Why this city? Well, it has had a chequered history, being the most heavily fortified city in its time, the best preserved Mediaeval City, Motor City, and now the City of Peace and Reconciliation. It is also my home city although I was born outside of the city limits at the time. Don’t think that I am biased towards it on that last count. I have always seen it as an ugly, grimy city, but it’s history and success is irrefutable. 

In early years, it was a weaving centre, and has been again in later times, it ‘housed’ Royalist soldiers captured during the English Civil War, defended against a huge attack by Royalists in 1642, became a centre for watch and clock manufacturers and subsequently sewing machines which required the type of skills watchmakers had.

It then turned to bicycles, the first bicycle as we know it being produced by the Starley family. engines, motorcycles, cars, buses, military vehicles, and aircraft. Want to see the list? You should..

http://www.micma.co.uk/themarques.php

The coachbuilders and painters hand-painted every Coventry City Council bus until the services were taken over by West Midlands Passenger Transport Executive (a merger when Coventry was taken out of Warwickshire and unceremoniously linked with Birmingham), and even after the merger were responsible for the ‘rolling’ ads where the entire surface of the bus would be used for a company ad.

They say that a picture is worth a thousand words, and this website has pictures galore..

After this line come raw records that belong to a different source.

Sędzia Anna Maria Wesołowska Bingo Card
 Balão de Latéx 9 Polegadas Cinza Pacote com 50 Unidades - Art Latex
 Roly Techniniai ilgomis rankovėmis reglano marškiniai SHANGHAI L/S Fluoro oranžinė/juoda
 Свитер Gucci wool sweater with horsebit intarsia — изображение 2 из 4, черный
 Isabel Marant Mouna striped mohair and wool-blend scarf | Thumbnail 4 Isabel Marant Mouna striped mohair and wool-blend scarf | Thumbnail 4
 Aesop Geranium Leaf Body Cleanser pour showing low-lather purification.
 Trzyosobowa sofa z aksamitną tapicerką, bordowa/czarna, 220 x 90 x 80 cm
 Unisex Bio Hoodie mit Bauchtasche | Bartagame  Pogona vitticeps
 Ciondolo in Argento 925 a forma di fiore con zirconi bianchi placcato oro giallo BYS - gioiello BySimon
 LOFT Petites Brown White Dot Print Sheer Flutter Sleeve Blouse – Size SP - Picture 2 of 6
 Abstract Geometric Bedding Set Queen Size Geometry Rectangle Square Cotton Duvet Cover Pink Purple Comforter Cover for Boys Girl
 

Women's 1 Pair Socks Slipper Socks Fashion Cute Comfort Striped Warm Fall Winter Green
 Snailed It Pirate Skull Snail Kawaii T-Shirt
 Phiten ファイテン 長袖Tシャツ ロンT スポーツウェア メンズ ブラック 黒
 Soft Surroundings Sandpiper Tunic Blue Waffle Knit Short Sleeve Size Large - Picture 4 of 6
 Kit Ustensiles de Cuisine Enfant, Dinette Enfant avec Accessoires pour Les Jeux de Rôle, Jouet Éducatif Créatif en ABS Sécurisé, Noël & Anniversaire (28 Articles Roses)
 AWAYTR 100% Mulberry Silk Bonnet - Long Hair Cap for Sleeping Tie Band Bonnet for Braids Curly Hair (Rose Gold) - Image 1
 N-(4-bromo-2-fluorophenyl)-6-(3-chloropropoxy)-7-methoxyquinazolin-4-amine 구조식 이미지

http://www.historiccoventry.co.uk/main/main.php

By the time you have been through the two links, you will see why I have included Coventry in the ‘Best of British’

A few memories of my own..

Up to the age of five, I lived in close proximity to the Standard-Triumph motor works, and well remember the new Standard Pennants, Eights and Triumph TR’s being driven out of the gates.

After that, the family moved just outside of the city limits, and the ride to junior school was made on a Manchester style Daimler CVG6. Bus #333 (now preserved) was my favourite, and the trip each way cost 3d (that’s the old money).

Around the age of ten, I used to go into town on Saturdays, meet up with friends to see the Saturday morning picture shows at the Empire Cinema or sit in the Wimpy Bar on Cross Cheaping or maybe the Mushroom Cafe in Lower Precinct, or maybe take a bus out to Forum Bowl on the Walsgrave Road.

By 1970, I had left school and was a member of the motorcycle fraternity. Coventry Ring Road was being constructed, and we were all itching to try it out. Not a road for the faint of heart, the Ring Road intersections were something of a lottery, but exciting for a teenager of course.

A quick tour.. 

The traffic lights were not at the intersections of Foleshill Road and Gulson Road originally. You just had to take your chances..

I lost touch with Coventry after 1989. The centre was changing, and I didn’t feel as if it was my city any longer. Twenty two years on and I have a hankering to go back and see what they have done. Funny how you don’t miss anything until it’s gone.